◆ STORED DATA:
· · · ·

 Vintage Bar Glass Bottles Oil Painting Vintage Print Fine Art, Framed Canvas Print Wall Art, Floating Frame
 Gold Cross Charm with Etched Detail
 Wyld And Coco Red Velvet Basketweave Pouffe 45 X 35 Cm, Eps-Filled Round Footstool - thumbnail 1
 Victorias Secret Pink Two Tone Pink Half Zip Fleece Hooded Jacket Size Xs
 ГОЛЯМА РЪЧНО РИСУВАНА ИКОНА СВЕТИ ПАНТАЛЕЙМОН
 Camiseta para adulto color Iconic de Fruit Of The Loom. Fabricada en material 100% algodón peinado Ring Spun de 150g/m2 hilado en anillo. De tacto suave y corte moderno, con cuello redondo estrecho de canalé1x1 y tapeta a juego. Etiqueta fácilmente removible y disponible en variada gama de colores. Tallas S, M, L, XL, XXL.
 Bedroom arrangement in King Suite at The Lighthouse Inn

· · · ·

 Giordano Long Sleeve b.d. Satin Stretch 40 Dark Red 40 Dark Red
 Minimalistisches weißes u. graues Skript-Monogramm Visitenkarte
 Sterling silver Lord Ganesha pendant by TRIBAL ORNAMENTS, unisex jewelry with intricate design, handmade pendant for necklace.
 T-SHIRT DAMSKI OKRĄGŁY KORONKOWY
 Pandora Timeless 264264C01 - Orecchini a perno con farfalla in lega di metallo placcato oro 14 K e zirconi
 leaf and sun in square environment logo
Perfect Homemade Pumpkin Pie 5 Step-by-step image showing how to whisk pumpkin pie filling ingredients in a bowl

· · · ·

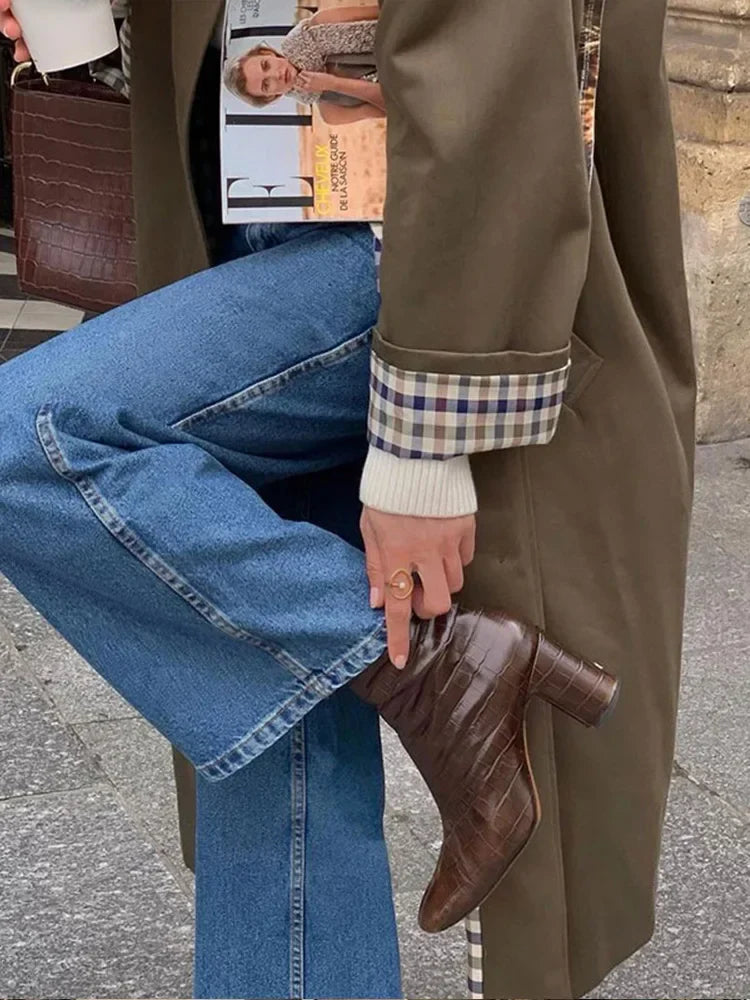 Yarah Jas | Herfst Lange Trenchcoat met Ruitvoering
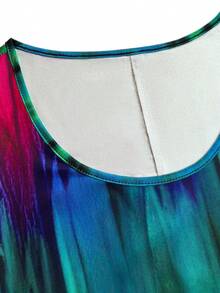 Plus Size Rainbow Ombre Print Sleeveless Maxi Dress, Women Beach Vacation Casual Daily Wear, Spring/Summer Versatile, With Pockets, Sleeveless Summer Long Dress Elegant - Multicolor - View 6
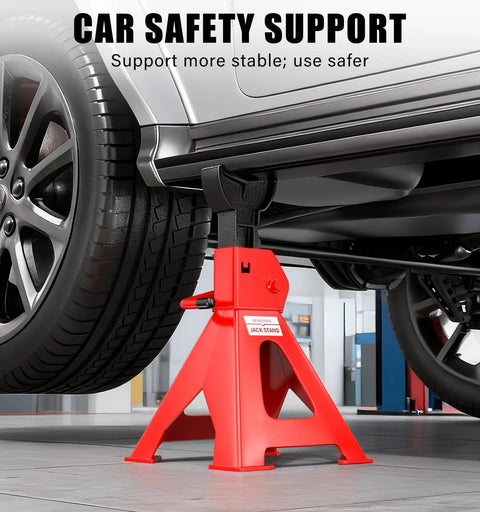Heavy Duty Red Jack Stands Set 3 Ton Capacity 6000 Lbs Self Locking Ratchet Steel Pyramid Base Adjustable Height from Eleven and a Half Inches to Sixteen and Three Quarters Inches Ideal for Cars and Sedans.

· · · ·

◆ TASK TO COMPLETE: From the material above, set down exactly the lines between the line holding "Victorias Secret Pink" and the line holding "Bedroom arrangement in", inclusive. Include nothing else.

◆ OUTPUT BELOW:
 Victorias Secret Pink Two Tone Pink Half Zip Fleece Hooded Jacket Size Xs
 ГОЛЯМА РЪЧНО РИСУВАНА ИКОНА СВЕТИ ПАНТАЛЕЙМОН
 Camiseta para adulto color Iconic de Fruit Of The Loom. Fabricada en material 100% algodón peinado Ring Spun de 150g/m2 hilado en anillo. De tacto suave y corte moderno, con cuello redondo estrecho de canalé1x1 y tapeta a juego. Etiqueta fácilmente removible y disponible en variada gama de colores. Tallas S, M, L, XL, XXL.
 Bedroom arrangement in King Suite at The Lighthouse Inn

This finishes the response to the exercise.